#59 Popularity contest
This guest post has been contributed by Anna Fergusson. You can contact Anna at email@example.com.
Anna Fergusson is a Professional Teaching Fellow in the Department of Statistics at the University of Auckland. I met Anna at the 2019 Joint Statistical Meetings, where she gave a terrific talk about introducing statistics students to data science, which is the topic of her Ph.D. research. I admit that part of the appeal of Anna’s presentation was that her activity involved photos of cats. But more impressive is that Anna described a fascinating activity through which she introduces introductory students to modern computational tools while emphasizing statistical thinking throughout. I am delighted that Anna agreed to write this guest post about her activity, which also highlights her admirable and effective “sneaky” approach to student learning.
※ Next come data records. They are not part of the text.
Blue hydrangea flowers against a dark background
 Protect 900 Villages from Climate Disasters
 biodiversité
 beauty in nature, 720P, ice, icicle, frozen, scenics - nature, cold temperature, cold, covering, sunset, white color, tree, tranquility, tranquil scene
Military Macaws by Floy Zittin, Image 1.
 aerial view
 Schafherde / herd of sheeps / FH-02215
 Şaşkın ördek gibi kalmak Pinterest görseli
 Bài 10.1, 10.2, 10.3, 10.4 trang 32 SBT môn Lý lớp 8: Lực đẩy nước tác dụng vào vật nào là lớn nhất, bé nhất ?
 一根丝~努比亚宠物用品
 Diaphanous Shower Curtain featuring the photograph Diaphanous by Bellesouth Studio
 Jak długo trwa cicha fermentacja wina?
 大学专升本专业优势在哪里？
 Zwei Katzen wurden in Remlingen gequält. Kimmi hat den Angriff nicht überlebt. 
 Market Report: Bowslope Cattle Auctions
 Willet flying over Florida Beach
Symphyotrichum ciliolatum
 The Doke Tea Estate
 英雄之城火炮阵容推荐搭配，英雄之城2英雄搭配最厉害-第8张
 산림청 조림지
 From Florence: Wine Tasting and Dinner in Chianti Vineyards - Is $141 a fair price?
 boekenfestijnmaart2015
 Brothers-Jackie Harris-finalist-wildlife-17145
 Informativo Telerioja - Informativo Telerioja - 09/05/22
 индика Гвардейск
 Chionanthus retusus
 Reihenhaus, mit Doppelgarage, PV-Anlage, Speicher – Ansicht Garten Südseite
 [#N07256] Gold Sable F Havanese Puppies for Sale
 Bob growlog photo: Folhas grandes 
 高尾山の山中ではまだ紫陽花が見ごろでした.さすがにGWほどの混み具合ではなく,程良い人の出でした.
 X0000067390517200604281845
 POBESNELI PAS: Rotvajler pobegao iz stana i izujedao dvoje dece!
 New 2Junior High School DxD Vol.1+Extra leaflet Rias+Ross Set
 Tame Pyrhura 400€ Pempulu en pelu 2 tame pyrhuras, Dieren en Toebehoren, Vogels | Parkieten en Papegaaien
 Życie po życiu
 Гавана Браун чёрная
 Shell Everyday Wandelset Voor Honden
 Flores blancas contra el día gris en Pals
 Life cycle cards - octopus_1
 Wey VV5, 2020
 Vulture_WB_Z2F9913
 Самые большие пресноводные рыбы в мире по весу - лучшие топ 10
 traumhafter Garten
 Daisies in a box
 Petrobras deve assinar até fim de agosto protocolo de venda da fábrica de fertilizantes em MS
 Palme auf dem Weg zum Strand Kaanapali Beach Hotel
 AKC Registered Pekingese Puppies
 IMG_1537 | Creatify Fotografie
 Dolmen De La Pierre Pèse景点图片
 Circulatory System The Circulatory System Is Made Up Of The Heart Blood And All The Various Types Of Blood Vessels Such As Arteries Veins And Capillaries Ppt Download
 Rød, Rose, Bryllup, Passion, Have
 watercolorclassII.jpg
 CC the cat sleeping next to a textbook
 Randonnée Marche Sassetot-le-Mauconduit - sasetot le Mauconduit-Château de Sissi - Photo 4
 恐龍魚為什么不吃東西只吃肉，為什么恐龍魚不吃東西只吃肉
I also encourage you to follow Anna’s blog, with the not-so-subtle title of Teaching Statistics is Awesome and which has become one of my favourites*, here.
* I am using this non-conventional (for Americans) spelling in appreciation for Anna’s becoming my first guest contributor from outside the U.S.
I am thrilled to write this week’s guest post, not just because I get to add another activity to Allan’s examples of “stats with cats” (see post #16 here), but also because I strongly believe in asking good questions to guide students to discover “new-to-them” ideas or methods.
A current focus for my teaching and research is the design of accessible and engaging learning activities that introduce statistics students to new computational ideas or tools. For these “first exposure” type learning tasks, I use What if..? style questions to encourage curiosity-driven learning. I also use the “changing stuff and seeing what happens” approach for introducing computational concepts, rather than starting the task with formal definitions and examples.
It’s an approach that has been described by both students and teachers as “sneaky,” but I think that it is a pretty good strategy for designing tasks that support the participation of a wide range of students. To pull off this undercover approach, you need a good cover story – something that is engaging, interesting and fun! A really “popular” task I have used to introduce APIs (Application Programming Interfaces) for accessing data involves searching for photos of cats and dogs online. I’ve tried out several versions of this task over the last few years with a range of school-level students and teachers, but this particular version of the task is from the introductory-level university course I’ve designed for students who have not completed Grade 12 mathematics or statistics. The overall question for the exploration is: What is more popular on Pixabay – photos of cats or photos of dogs?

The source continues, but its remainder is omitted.